When net positioning is short, it suggests the market is looking for price weakness. Long positioning indicates that the opposite outcome is expected.
To determine speculative positioning, ANZ uses noncommercial positions reported by the CFTC as they “seek to profit from movements in the asset price as opposed to hedging business activities”.
Cheung and Sen said that the US dollar selling was most pronounced against the Canadian dollar and euro following hawkish rhetoric from the Bank of Canada and European Central Bank.
“Dollar selling was the highest against the CAD on the back of a hawkish Bank of Canada,” the pair said, adding that “funds turned bullish on the EUR after ECB president Mario Draghi signalled a possible reduction in monetary stimulus going forward”.
Funds reduced their net CAD shorts by $US2.3 billion to $US3.2 billion, while net short positioning in the euro fell by $US1 billion to $US1.5 billion.
Buying in the Canadian dollar also helped to spur renewed demand for commodity currencies such as the Australian and New Zealand dollars with net long positioning in each increasing by $US600 million and $US300 million respectively.

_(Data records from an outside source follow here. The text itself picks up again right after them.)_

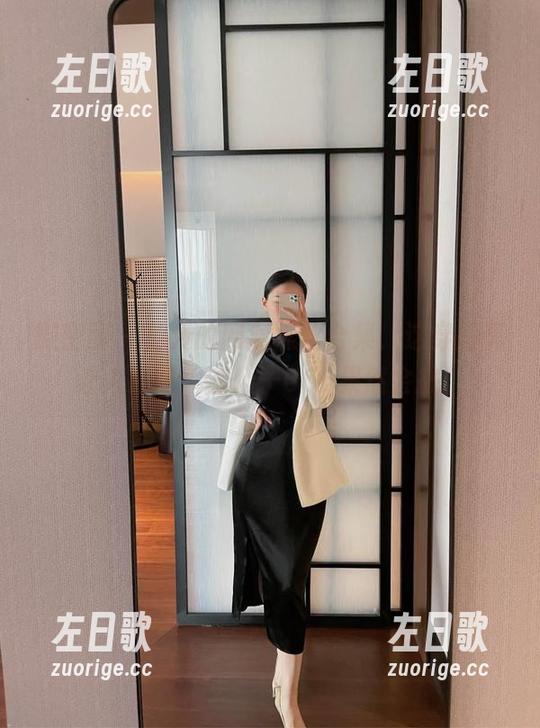 微密圈 - 免费的网洞黑丝合集，这穿搭真让人迷啊，左公子666果然会挑！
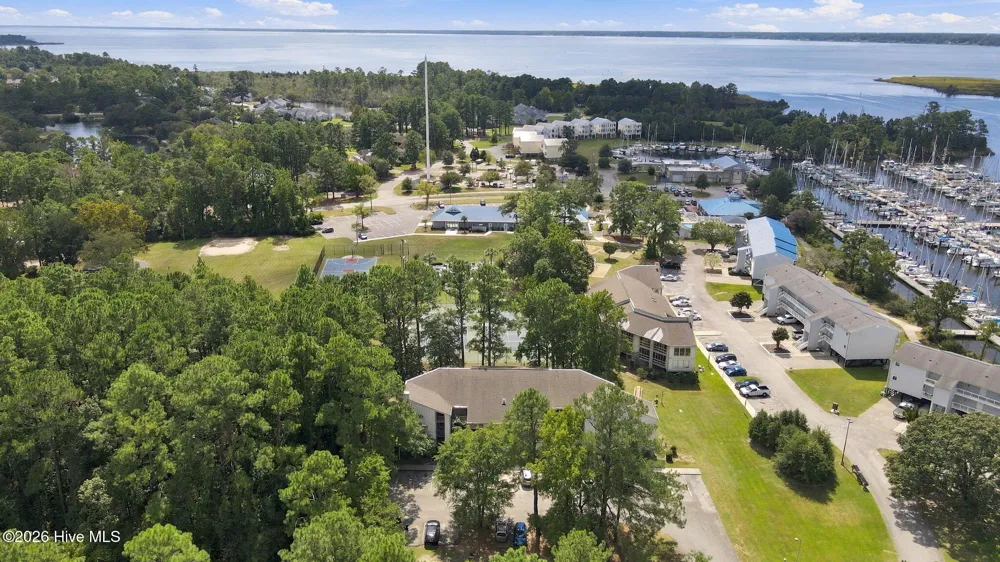 6229 Harbourside Drive New Bern, NC 28560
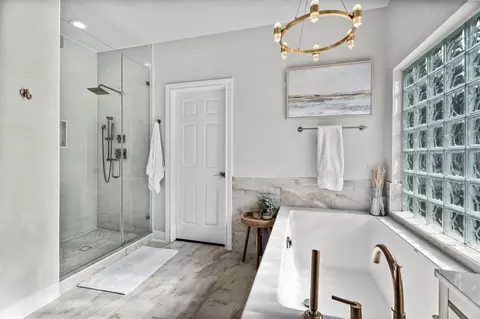 Bath - 3719 Sapling Trail Ct, Spring, TX 77388 photo 2 of 8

While traders sold the US dollar against the euro and commodity currencies, it found support against the Japanese yen and UK pound over the same period.
However, that wasn’t enough to stop net long positioning in the greenback falling to a one-year low.
The “Trump bump”, as it has become known, has now been reversed and then some.
And if the recent price action in the US dollar is anything to go by, US dollar long positioning may have been reduced further in recent days.
“Weak price action of the USD after the cut-off date suggests a further reduction in net USD longs, with the main exception of USD/JPY,” say Cheung and Sen.
The CFTC figures captured positioning on Tuesday, June 27.
The pair say that strong gains in the EUR and UK pound, in particular, point to a further paring back of short positions in the latter parts of last week.
Last Friday, the US dollar index fell to as low as 95.47, leaving it at the lowest level since October 3 last year.